To explore the roles of ST8SIA1 in the malignant progression of BLCA cells, T24 and 5637 cell lines stably overexpressing ST8SIA1 (ST8SIA1-1 and ST8SIA1-2) were established. RT-qPCR and western blot analysis demonstrated that T24 (Fig. 3A and B, top panel) and 5637 (Fig. 3A and B, bottom panel) cell lines with a stable overexpression of ST8SIA1 were successfully constructed using molecular cloning and liposome transfection technology. To investigate the effects of ST8SIA1 upregulation on the proliferation and colony formation of BLCA cells, CCK-8, colony formation and flow cytometry assays were performed. The CCK-8 assay revealed that the proliferation of T24 (Fig. 3C, left panel) and 5637 (Fig. 3C, right panel) cells stably overexpressing ST8SIA1 (ST8SIA1-1 and ST8SIA1-2) was significantly reduced compared with that of mock and non-transfected cells. To further confirm this result, a colony formation assay was performed and demonstrated that ST8SIA1 overexpression decreased the number of T24 (Fig. 3D, top panel) and 5637 (Fig. 3D, bottom panel) cell colonies. The flow cytometry results revealed that ST8SIA1 overexpression markedly arrested T24 (Fig. 3E, top panel) and 5637 (Fig. 3E, bottom panel) cells in the S phase of the cell cycle. These results suggested that ST8SIA1 downregulated the proliferation ability of 5637 and T24 cells.

To further verify the effects of ST8SIA1 on the malignant progression of BLCA cells, wound healing and Transwell assays were used to analyze migration and invasion following ST8SIA1 overexpression in 5637 and T24 cells. The results of the wound healing assay demonstrated that the motility of T24 (Fig. 4A, top panel) and 5637 (Fig. 4A, bottom panel) cells stably overexpressing ST8SIA1 (ST8SIA1-1 and ST8SIA1-2) was markedly reduced compared with that of mock and non-transfected cells within 12 h. Furthermore, the frequencies of T24 (Fig. 4B and C, top panel) and 5637 (Fig. 4B and C, bottom panel) cells that migrated and invaded into the lower chamber were significantly decreased following ST8SIA1 overexpression. These data indicated that ST8SIA1 attenuated the migration and invasion ability of 5637 and T24 cells.

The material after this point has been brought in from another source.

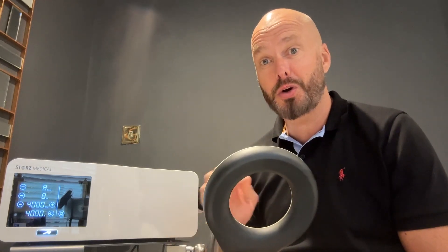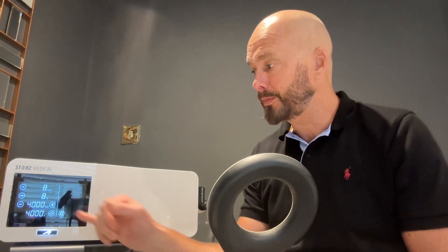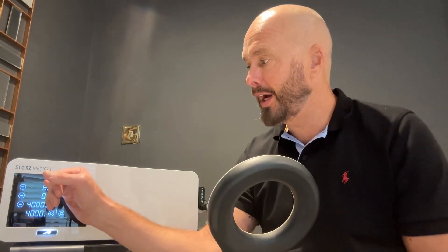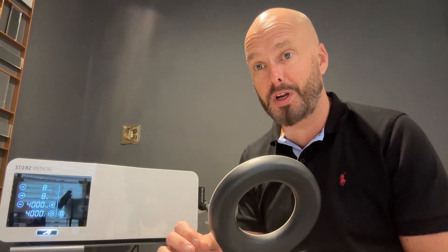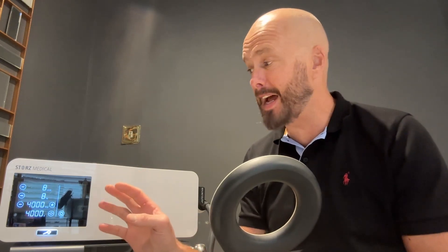It will cancel those things quicker than you can say EMTT. Here we've got the settings. I tend to treat on level 8, 8 hertz and 4000 shocks per treatment. This is pretty much standardised.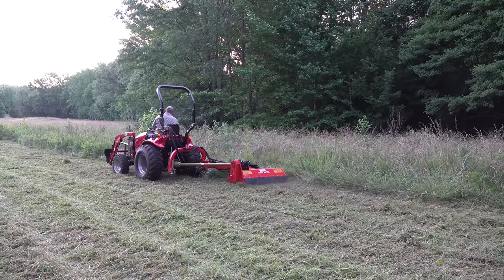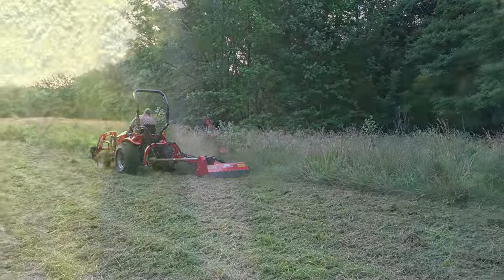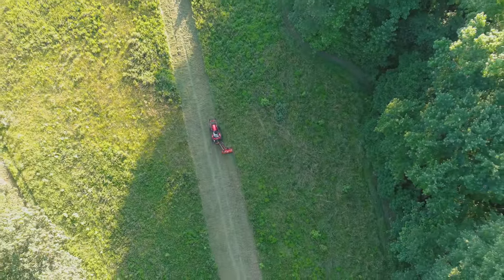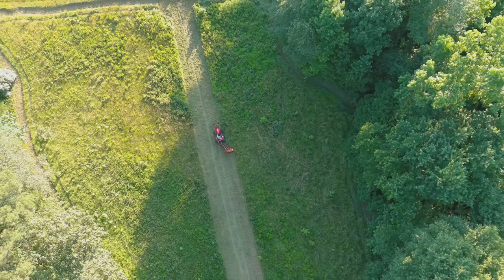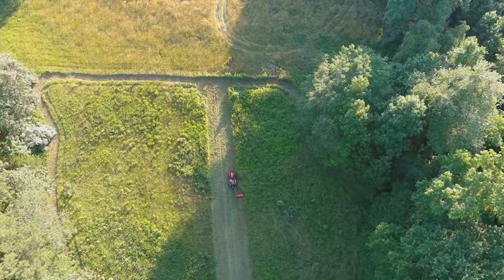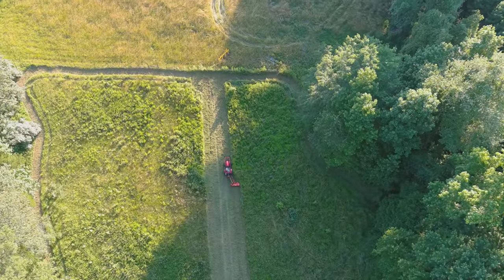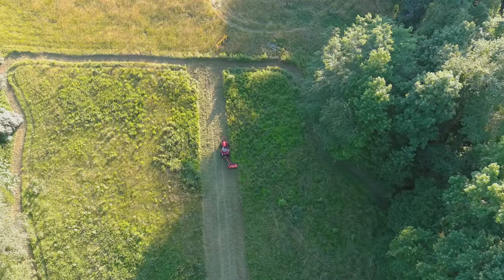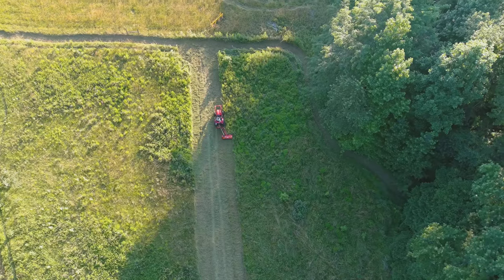Don't take this as an insult for a rotary cutter — I think rotary cutters have their place. Tonya always gives us some really cool video clips from the big camera. Why don't you take a look at these pictures and videos from the drone? She's getting really good with the drone also. This end of the field gets a lot more sunshine, and you can see that it's really thick and tall here. There are actually quite a few small trees in this area.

To explore the molecular mechanisms of the antitumor effect of ST8SIA1 in BLCA cells, the activation and expression levels of JAK/STAT, as well as the involved signaling molecules were detected by western blot analysis in 5637 and T24 cells following ST8SIA1 overexpression. The results demonstrated that ST8SIA1 overexpression in T24 (Fig. 5A) and 5637 (Fig. 5B) cells markedly reduced the ratio of the phosphorylated JAK2/total JAK2 and the phosphorylated STAT3/total STAT3, as well as the expression levels of the downstream targets of JAK/STAT signaling pathway, such as MMP2, PCNA, cyclin D1 and Bcl2 compared with mock and non-transfected cells. These results suggested that ST8SIA1 inhibited the activation of JAK2/STAT3 signaling pathway.